Each year we find ourselves on a journey during Lent. Traveling that long and arduous pilgrimage – focusing on others more than ourselves and realizing it’s much harder than it sounded.  After all, going to church at the end of a long day, multiple times during the week becomes weary very quickly as we realize we’re worn out and don’t have much left to give.  Giving up some of our favorite foods in order to save money to give to someone else more in need than ourselves is difficult.  I worked hard to attain these comforts and I’m not willing to give them up easily!  Going to confession is just downright embarrassing and that takes a lot of work to force myself to go.  Immediately, our own wants and desires make themselves known and we find ourselves either making excuses for why we didn’t go to church or have to push ourselves to show up.  In those moments, we realize it’s much easier to put ourselves first – even before God.  We struggle with this realization with differing levels of difficulty but as we attend the Paschal liturgy and listen to the powerful sermon of St. John Chrysostom, we are incredibly thankful for God’s abundant mercies upon us!!!

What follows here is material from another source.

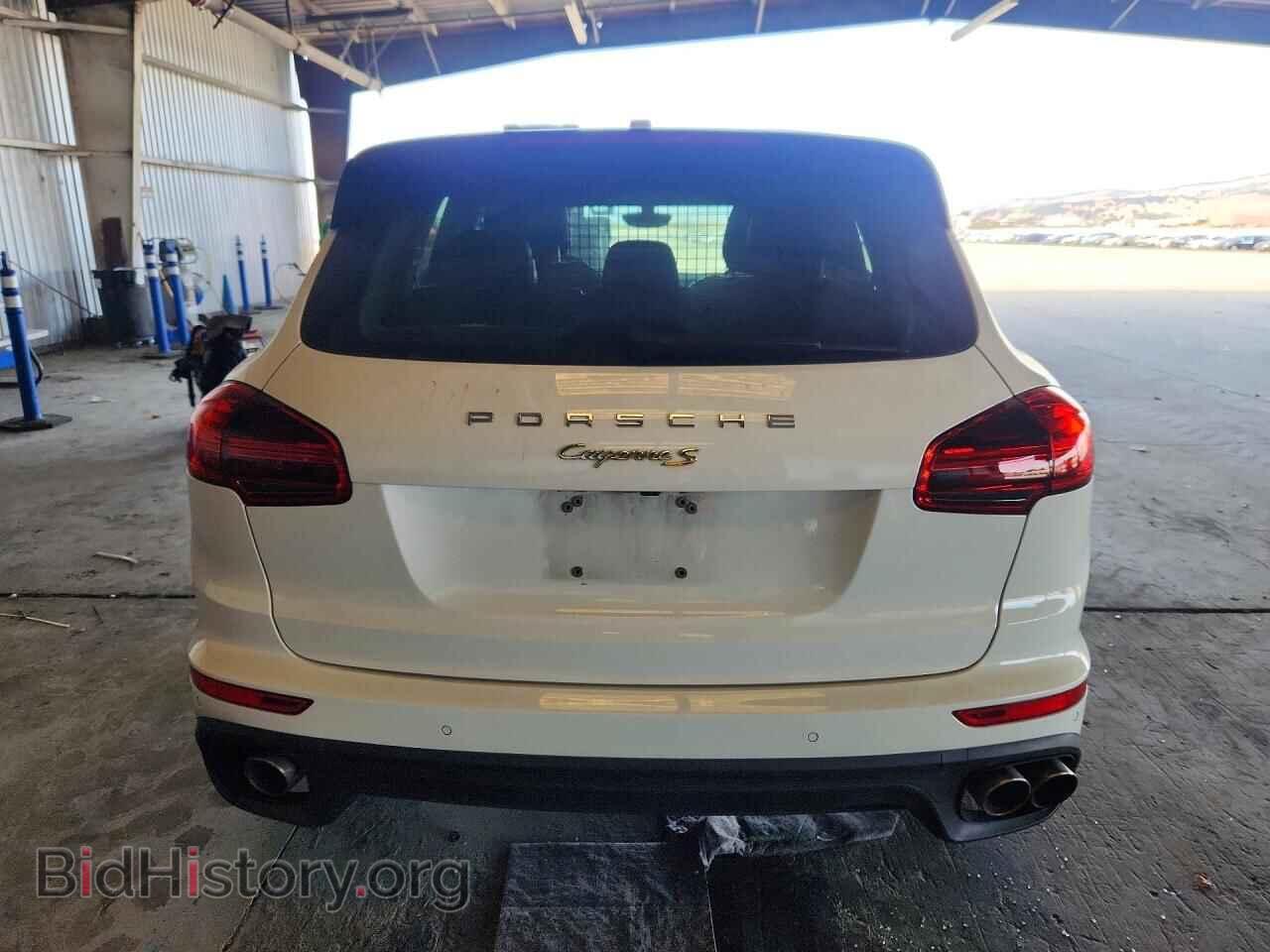 2016 PORSCHE CAYENNE - VIN: WP1AE2A2XGLA62742 - Фото 6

If there are devout and God-loving people here, let them enjoy this beautiful, radiant festival.  If there are prudent servants, enter joyously into the Lord’s joy.  Whoever may be spent from fasting, enjoy now your reward.  Whoever has toiled from the first hour, receive today your just settlement.  If any came after the third hour, celebrate gratefully.  If any of you arrived after the sixth, have no misgivings, you have lost nothing.  If some have been as late as the ninth, come forward, do not be at a loss.  If any of you have arrived only at the eleventh hour, do not be dismayed for being late.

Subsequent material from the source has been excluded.